ASOS sales dropped 7% to £1.84 billion in the six months to 28 February 2023 while pre-tax losses widened to £290.9 million (2022: £15. 9 million) – in a large part due to stock write-offs – but the online fashion giant said its turnaround plan was on track.
The business said that a challenging trading backdrop and “deliberate actions” – such as reduced markdowns, reduced width in product assortment and reduced marketing spend – had resulted in the sales drop, with the actions accounting for 50% of the sales decline since December. These moves have been put in place to improve “order economics” and profitability as the business shifts its focus to the improving the bottom line rather than top-line growth.
UK sales were down 10%, Europe was flat, the US down 7% and the rest of world down 12%, the company revealed. The variation in results across the territories was accounted for by differences in trading backdrops and country-specific “profit actions”. While UK sales had dropped ASOS said it was improving market share among its core demographic of 18-35 year old and was taking a larger share of their fashion spend.
The reported loss of £290.9 million included £203.5 million of adjusting items, primarily associated with its “Driving Change” agenda, such as £128.2 million worth of stock write-offs and £49.4 million of non-cash property impairments due to closure costs relating to the reduction is size of its HQ and logistics footprint.
It said that its gross margin trend was encouraging. While it reported flat gross margin for the period, in February, March and April it has seen an improvement of more than 300 basis points year-on-year due to lower freight and duty rates. Meanwhile, stock levels have been reduced by 9%, ahead of its planned reduction of 5%.
ASOS ended the half with cash and undrawn facilities totalling £408.6m at what it said was “typically the seasonal trough in its net working capital cycle”.
CEO José Antonio Ramos Calamonte said: “Our focus is on improving our core profitability, prioritising order economics over top-line growth and I am pleased with the strategic and rapid operational progress the business has made in the first half of the financial year, against some very challenging trading conditions. Thanks to the hard work and commitment of our teams, we have accelerated the roll-out of our new commercial model, delivered more than £100m of profit optimisation and cost saving initiatives, extended our financing facility and continued to build out our top team while remaining committed to our Fashion with Integrity agenda. Taken together, these measures will create a more sustainably profitable and cash generative business as we reinforce our position as a leading destination for our fashion-loving customers.
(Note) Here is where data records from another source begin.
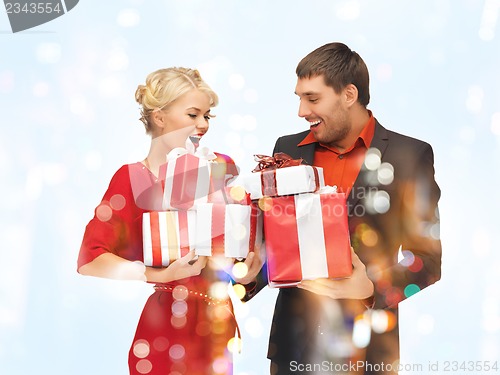 Image of man and woman with gift boxes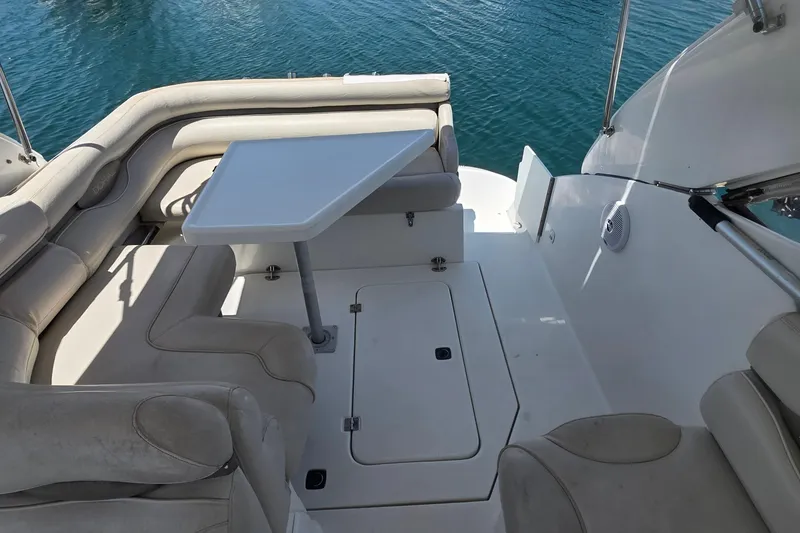 Interior of a 2001 Doral 250se boat with seating and table on calm water.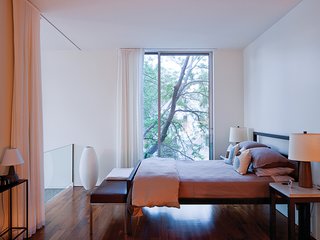 A pair of mid-century Martz lamps flank the Parsons bed from Room & Board in the master bedroom.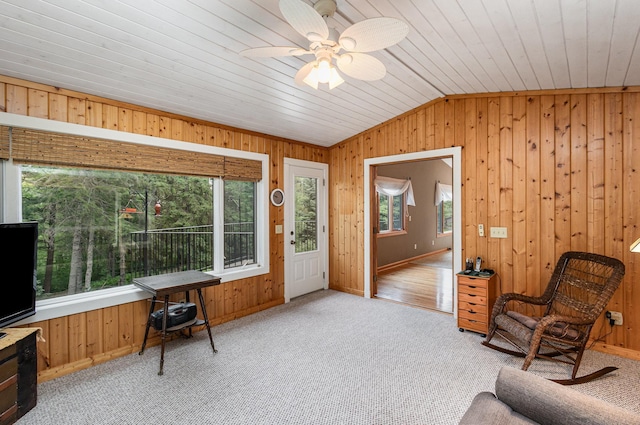 sitting room with plenty of natural light, lofted ceiling, wooden walls, light carpet, and a ceiling fan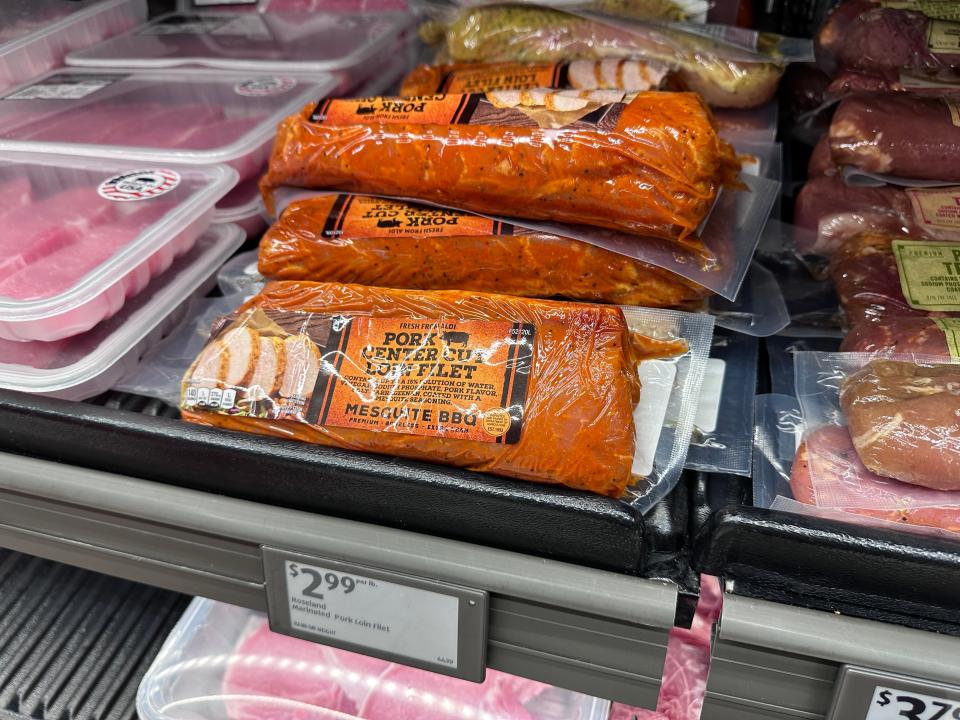 A package of pork loin with an orange marinade and label on a shelf at Aldi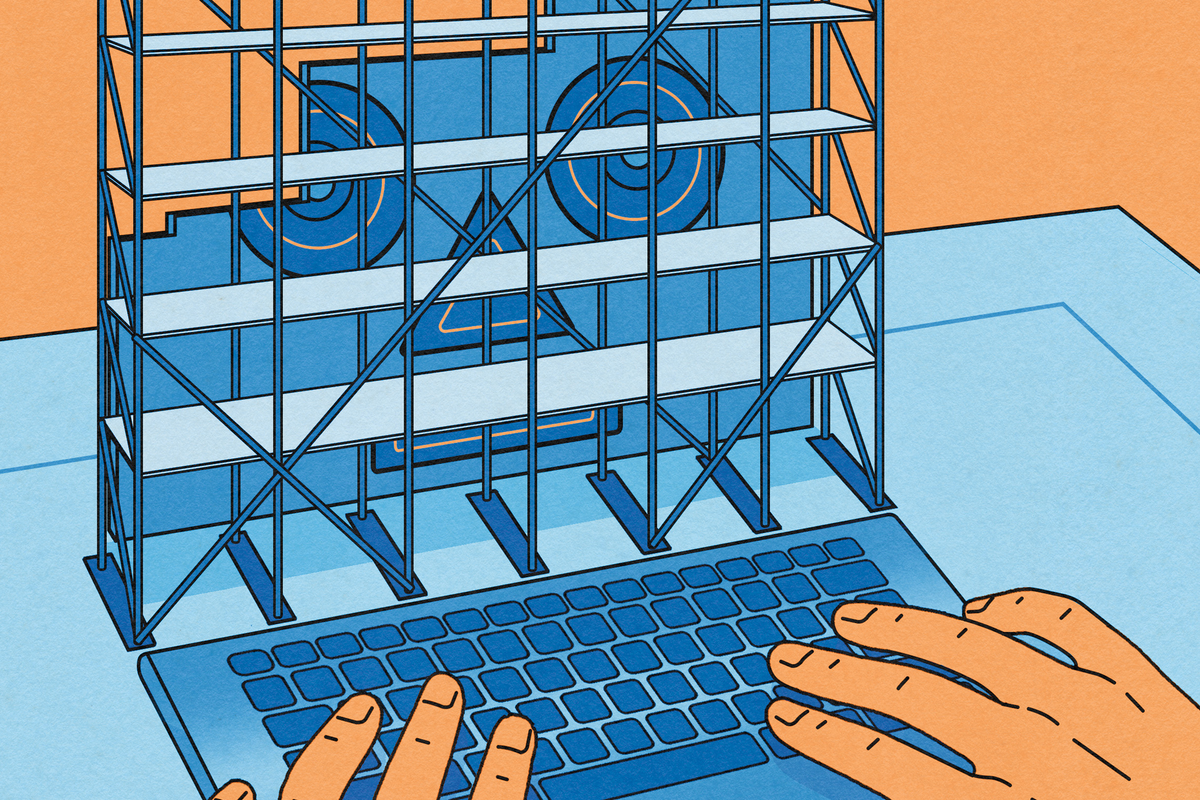 Hands typing on laptop with a building scaffold shaped like a face on the screen.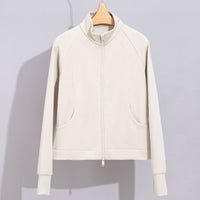 Damen Performance-Trainingsjacke mit Stehkragen und Daumenloch Nord Taschen in Mandelfarbenes Oberteil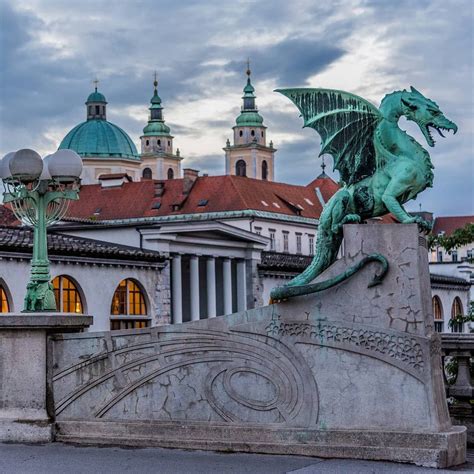 Four large dragons guard Ljubljana's Dragon Bridge in the capital of ...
“While some of these changes have impacted short-term sales growth, there are many causes for optimism as we progress through the second half of the year. We are improving our gross margin run rate in the face of significant headwinds, are starting to see the benefits of a repositioned stock profile, and are taking action to reduce the proportion of our sales which are not profitable. Initiatives are in place to drive a further c.£200m of benefit in the second half and I am very confident of our return to sustainable profit and cash generation in the second half of the year and beyond.”